# Nike Kampai - A shell?



## Sudden_Death (Mar 23, 2011)

Looks to be uninsulated. The description only mentions the shell and lining material, and usually if a jacket is insulated they mention the type and weight of insulation. I have a few Nike Juniper uninsulated jackets and that is how they were described too, just shell and liner construction.


----------



## MenzelMorten (Sep 11, 2013)

Sudden_Death said:


> Looks to be uninsulated. The description only mentions the shell and lining material, and usually if a jacket is insulated they mention the type and weight of insulation.
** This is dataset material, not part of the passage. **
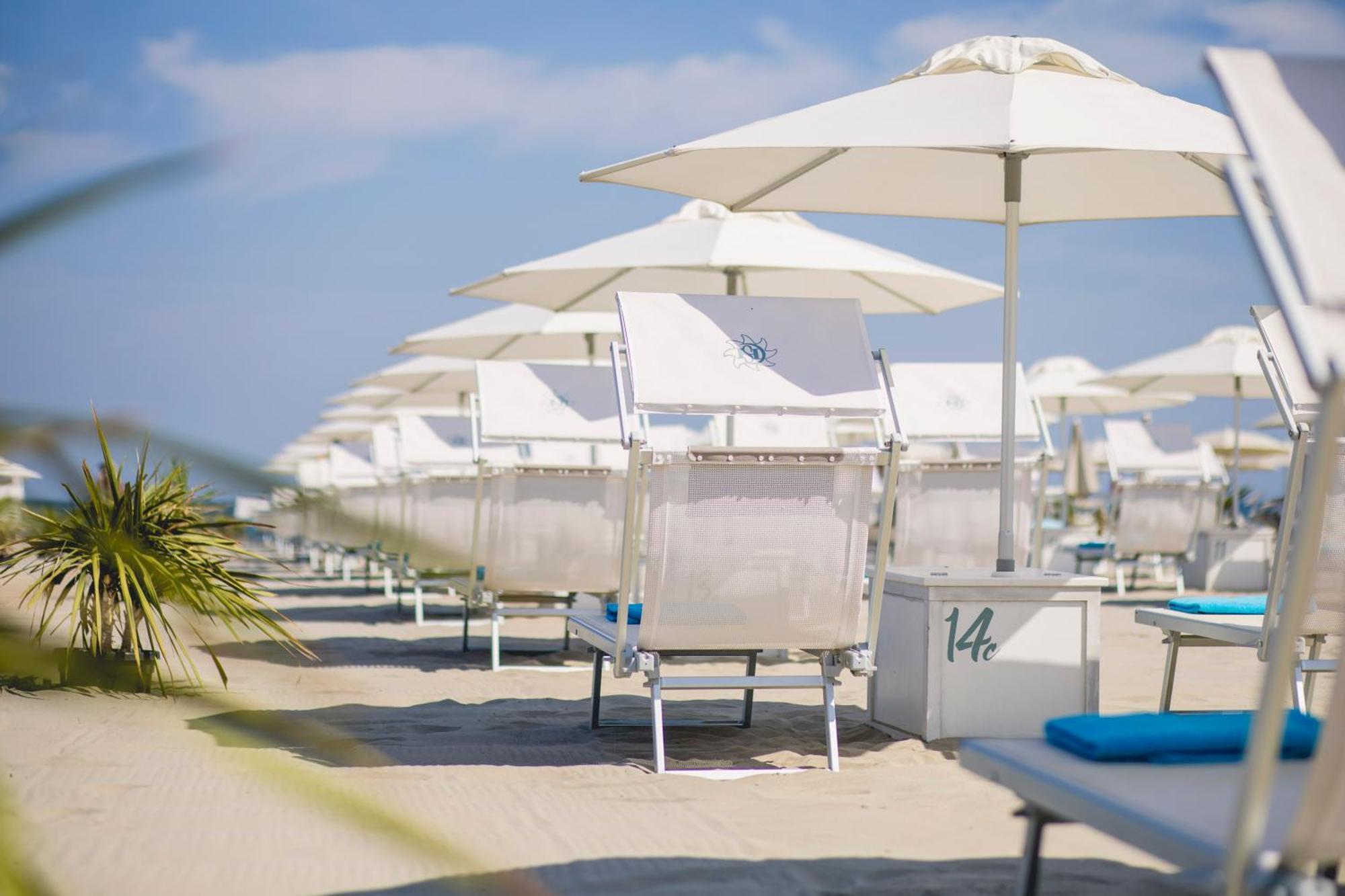 Hotel Saraceno Resort With Private Beach Milano Marittima Zewnętrze zdjęcie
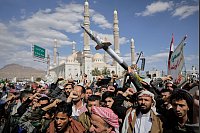 Huthi-Anhänger demonstrieren in Sanaa gegen die USA und Israel. - © Osamah Abdulrahman/AP/dpa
I have a few Nike Juniper uninsulated jackets and that is how they were described too, just shell and liner construction.


Yeah you're probably right. 
I found this picture which tells me that it's made of 100% polyester and so is the liner and the fill. It just doesn't really tell me if the jacket is without fill/insulate. Maybe I'm mistaken.


----------



## Sudden_Death (Mar 23, 2011)

Weird, it does say fill on the tag. The Nike site does have an insulated Kampai here Nike Store. Nike Aeroloft Kampai Men's Snowboarding Jacket that might be where the pic is from.


----------



## MenzelMorten (Sep 11, 2013)

Sudden_Death said:


> Weird, it does say fill on the tag. The Nike site does have an insulated Kampai here Nike Store. Nike Aeroloft Kampai Men's Snowboarding Jacket that might be where the pic is from.


Yeah I see. But that's actually not the case. The picture is from a danish website: Nike Nike Kampai 2.0 Jacket Jakker Skijakker | Sportamore.dk - Billigerer sko tøj & udstyr online

Don't mind the language and just go to the last picture of this one. It's the same jacket just a different color though.


----------